Hakimler ve Savcılar Kurulu’nun (HSK), en önemli sorumluluklarından birinin kasten görevini yapmayıp mağduriyet doğuran yargı mensupları hakkında gerekli soruşturmayı başlatmak olduğunu vurgulayan Prof. Dr. Sözüer, “Can Atalay kararını gereklerini yerine getirmeyen heyetin o mahkemedeki görevine HSK tarafında son verilmeli ve yeni bir heyet atanmalıydı” diye konuştu.

Anayasa Mahkemesi’nin kararlarının yerine getirilmesinin hukuk devleti oluşun en temel gereği olduğunu belirten Sözüer, “Diğer yandan AYM kararını uygulatmamak salt Atalay’ı hapiste tutma sonucu doğurmuyor. Dokunulmazlık tümüyle bir tür askıya alınıyor. Bütün bu ciddi sorunların ve devlet krizinin çözümü var. İlk adım Atalay kararının uygulanması. Bu adım atılmaz ise özellikle kişi hak ve özgürlüklerinin korunması bakımından çok önemli yetki ve görevleri olan Anayasa Mahkemesi fiilen etkisiz hale getirir ve kriz derinleşir” dedi.

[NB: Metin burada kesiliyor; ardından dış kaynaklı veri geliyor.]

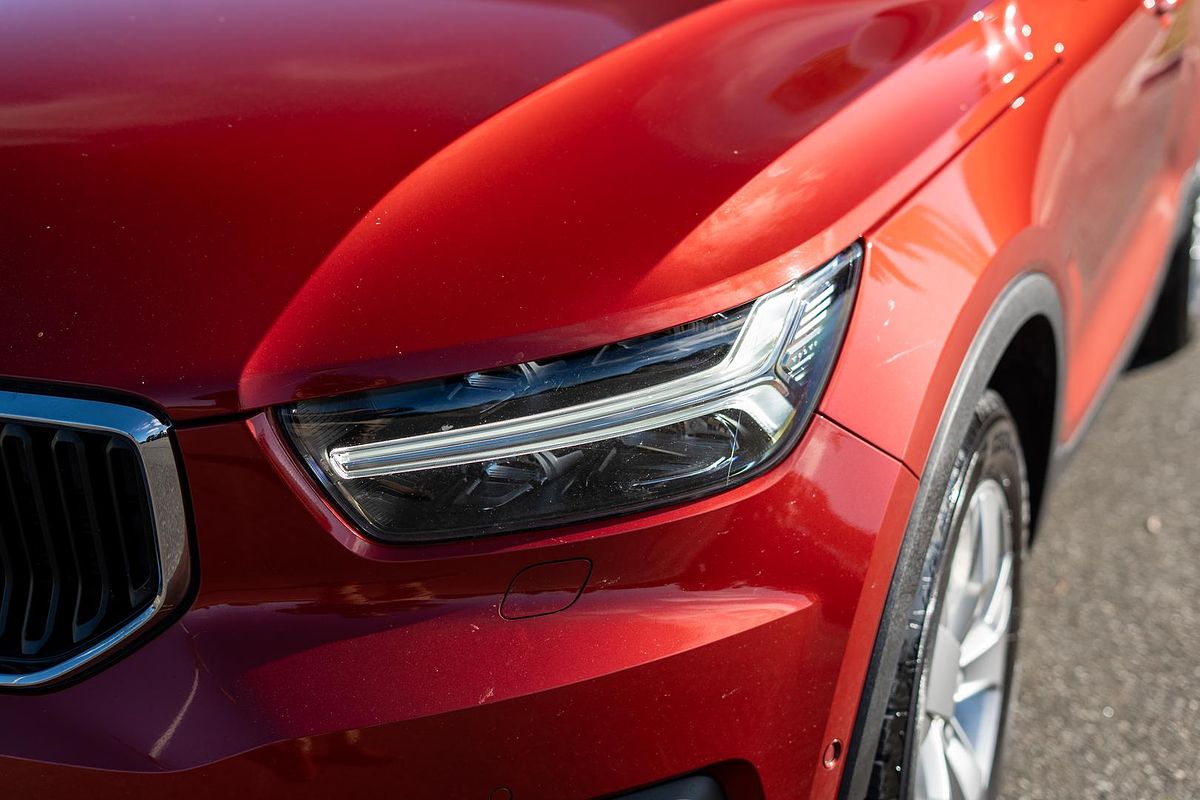 2019 Volvo XC40 T4 Momentum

Kaboğlu: Yüce Divan süreci başlatılmalı

Anayasa Hukukçusu Prof. Dr. İbrahim Kaboğlu, AYM’nin Can Atalay kararını ikinci kez uygulamayan Yargıtay üyeleri için suç duyurusunda bulunarak Yüce Divan sürecinin başlatılması gerektiğini söyledi.

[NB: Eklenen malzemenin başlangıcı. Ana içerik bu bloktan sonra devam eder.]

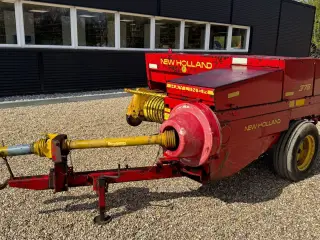 New Holland 376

İbrahim Kaboğlu kararı TELE1’de Şevval Yıldırım’ın ‘Haber 16’ ve Murat Taylan’ın sunduğu Ana Haber’de değerlendirdi. Sürecin nasıl devam edeceği konusunda da bilgi veren Kaboğlu “AYM kararını uygulamayan yargıçlar yaptırım uygulanmalı. Yargıtay Cumhuriyet Başsavcılığı’na suç duyurusunda bulunularak kararı uygulamayan Yargıtay üyeleri için Yüce Divan yolunun işletilmeli. 3. Ceza Dairesi üyeleri hakkında disiplin soruşturmalı” dedi.

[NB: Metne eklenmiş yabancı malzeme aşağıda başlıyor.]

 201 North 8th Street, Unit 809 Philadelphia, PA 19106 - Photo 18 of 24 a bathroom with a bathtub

Kaboğlu şunları söyledi: “Bu kararı henüz sözlü olarak duyduk. Kararı henüz görmedik. İlk kararda Anayasa’nın 153’üncü ile 6’ıncı maddesini hatırlattık. Emredici ve yasaklayıcı maddeler. İkinci kararda ise esasen ilk kararın uygulanmasına ilişkindi ve oybirliğiyle verilmişti. Yargıtay’ın artık bir seçeneği yoktu. Sonuçta AYM’ye Yargıtay’da üç üye gönderiyor. Onlar da ‘AYM kararı uygulansın’ oyu verdi. AYM’ye atanacak Yargıtay üyeleri aslında ‘Benim kararım da uygulamayabilirsiniz’ diyor. Kararı okuduğumuzda göreceğiz ki üçüncü bir şık ortaya çıkacak. O da siyasal aktör. Bu aşamada da anayasal düzen kavramından söz etmekte çok zorlaşmış hale gelmiş oluyor.